Required action:
Your answer must be the exact lines of the listing below that run from the line with "Um fólio iluminado" to the line with "선생님 손과 싸워, 이런", ends included, and no pictures.
#### Exercise data ####
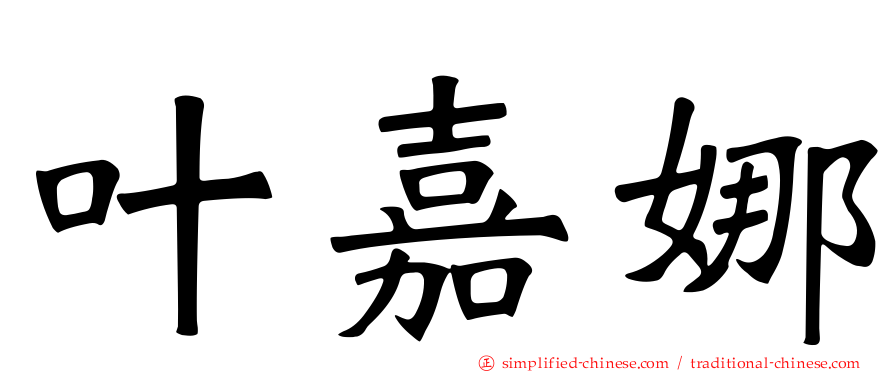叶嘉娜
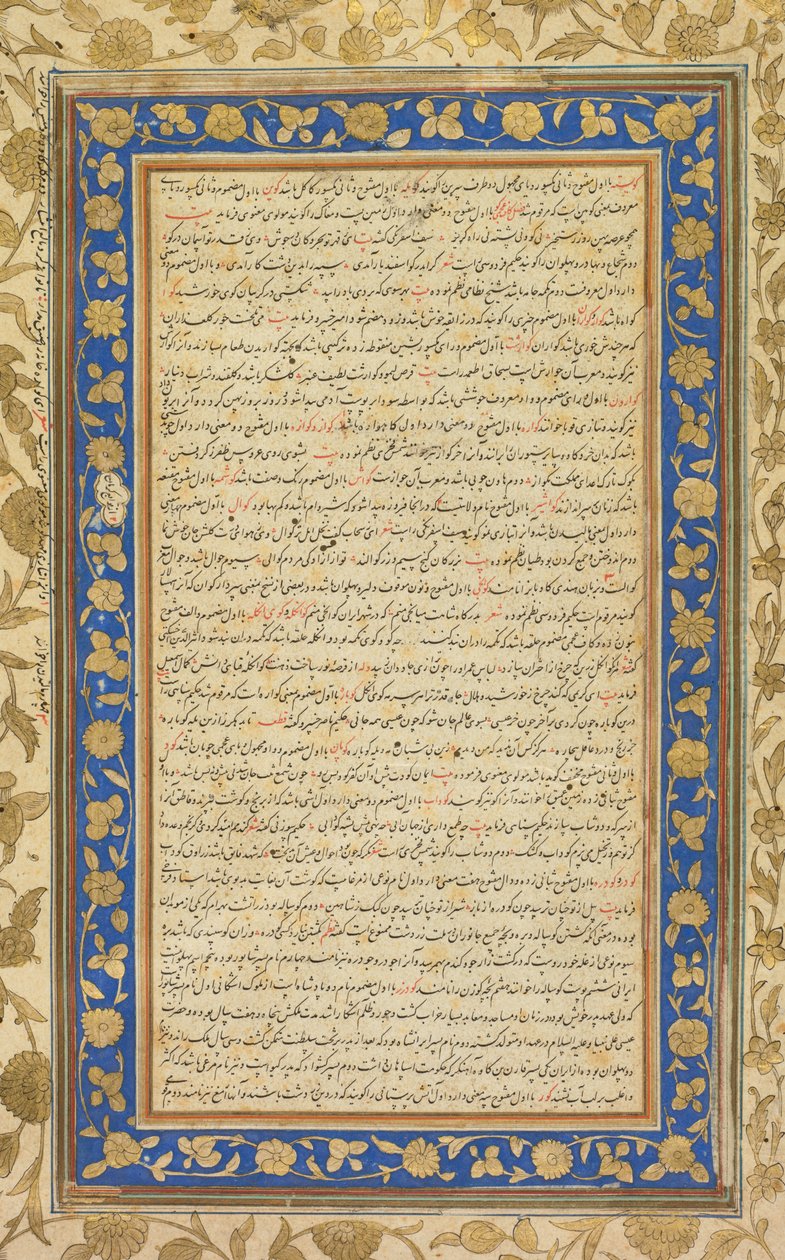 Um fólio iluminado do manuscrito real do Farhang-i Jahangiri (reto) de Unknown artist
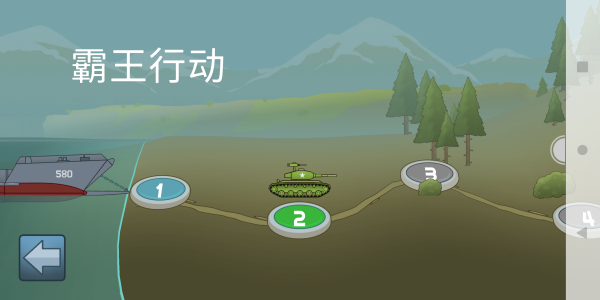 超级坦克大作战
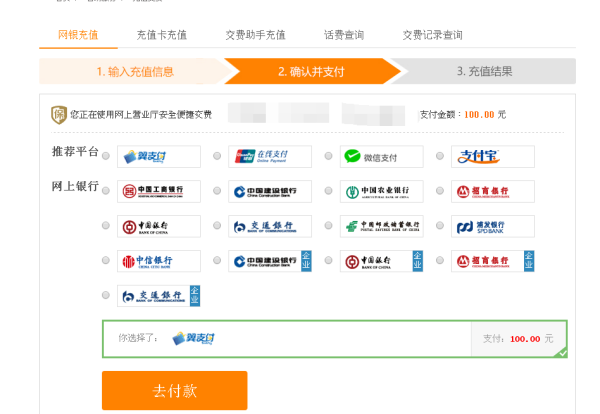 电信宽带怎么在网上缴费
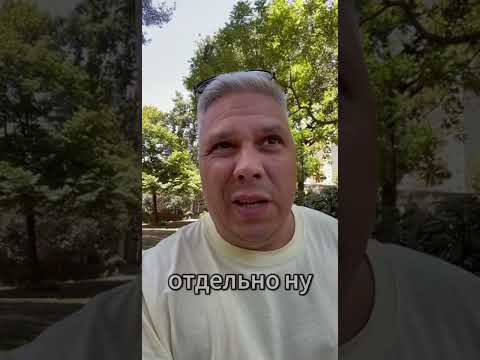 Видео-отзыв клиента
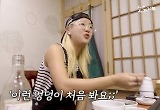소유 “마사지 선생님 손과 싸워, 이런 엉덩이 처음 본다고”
####
#### Exercise data ####
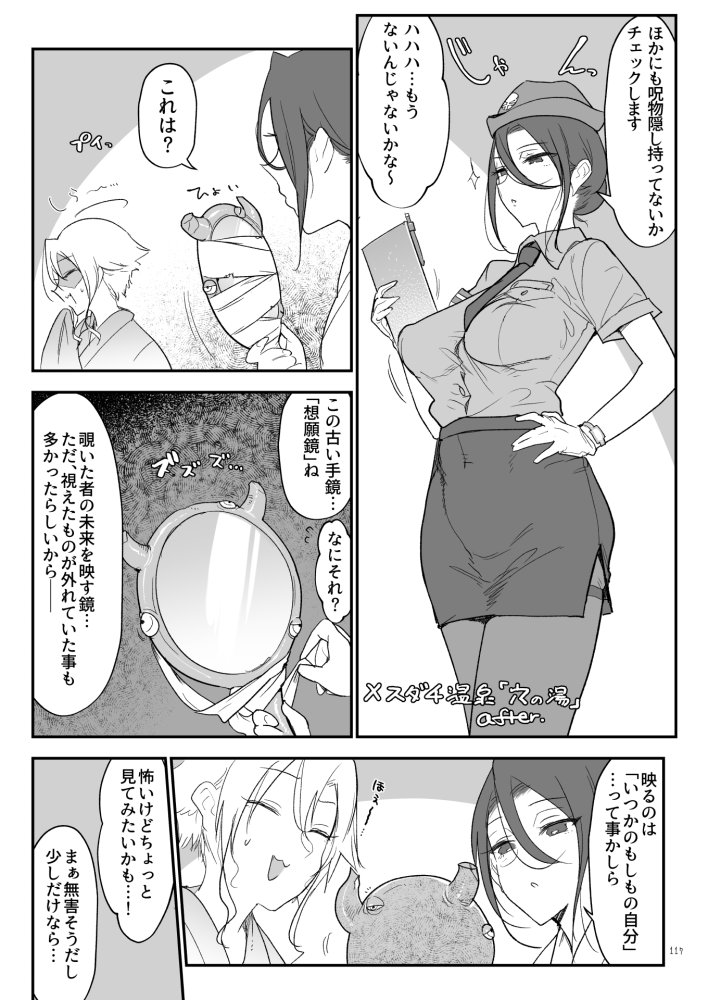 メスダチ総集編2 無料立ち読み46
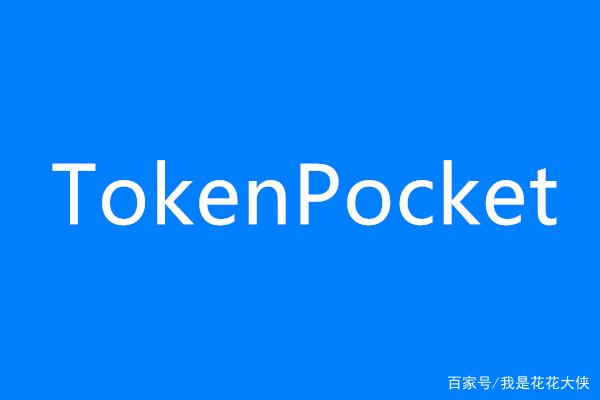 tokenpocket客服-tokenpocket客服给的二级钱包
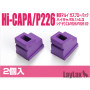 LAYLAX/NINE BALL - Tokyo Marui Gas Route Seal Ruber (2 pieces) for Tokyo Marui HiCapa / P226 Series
####
Task response:
 Um fólio iluminado do manuscrito real do Farhang-i Jahangiri (reto) de Unknown artist
 超级坦克大作战
 电信宽带怎么在网上缴费
 Видео-отзыв клиента
소유 “마사지 선생님 손과 싸워, 이런 엉덩이 처음 본다고”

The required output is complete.